Supplied material:
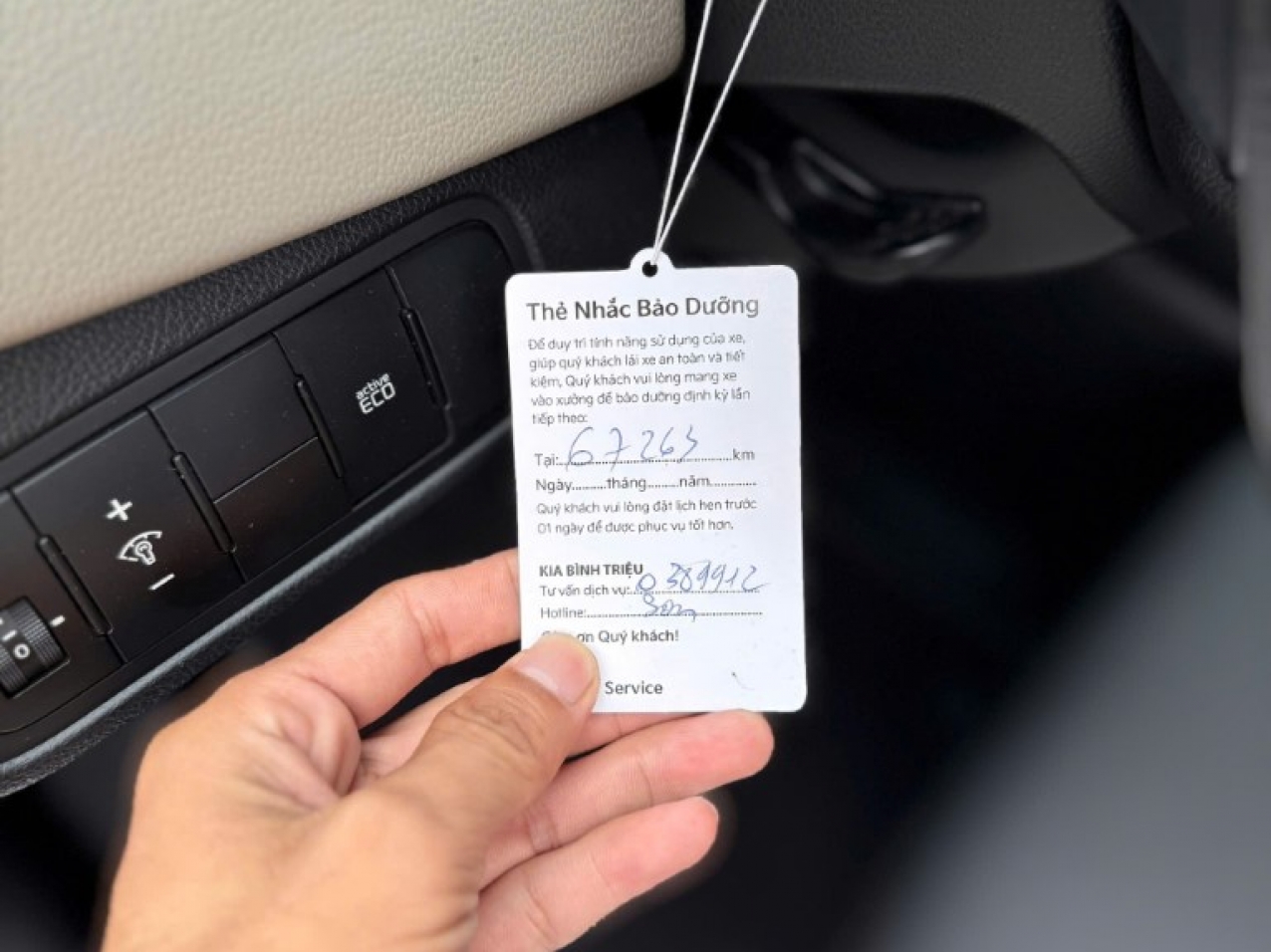 Kia Rondo 2.0 GAT 2017 Màu Trắng Siêu Đẹp Kia Rondo 2.0 GAT 2017 Màu Trắng Siêu Đẹp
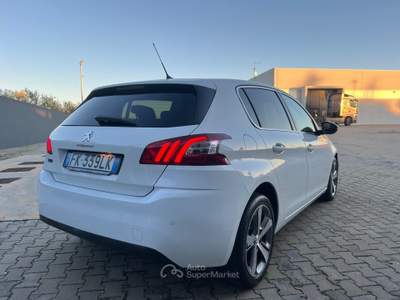 Peugeot 308 1.6 BlueHDi 120 Allure - 2017 Bianco usata Corato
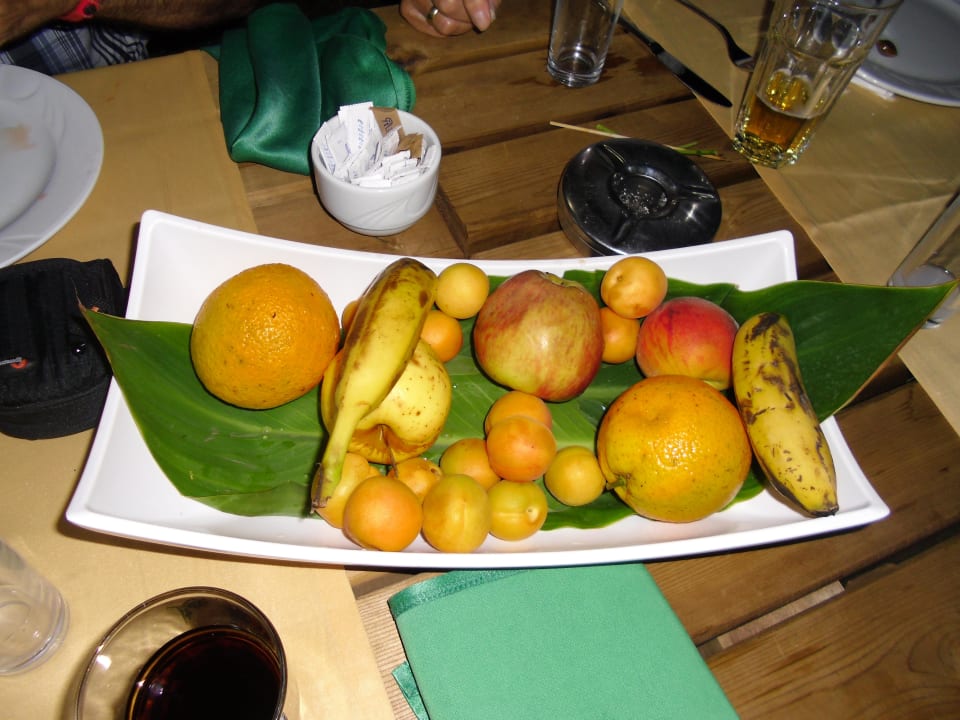 Nach dem Grillen noch eine Obstschale Royal Atlantis Beach Hotel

Instructions to follow:
Write out all the material above exactly, with no image carried over.

Output:
 Kia Rondo 2.0 GAT 2017 Màu Trắng Siêu Đẹp Kia Rondo 2.0 GAT 2017 Màu Trắng Siêu Đẹp
 Peugeot 308 1.6 BlueHDi 120 Allure - 2017 Bianco usata Corato
 Nach dem Grillen noch eine Obstschale Royal Atlantis Beach Hotel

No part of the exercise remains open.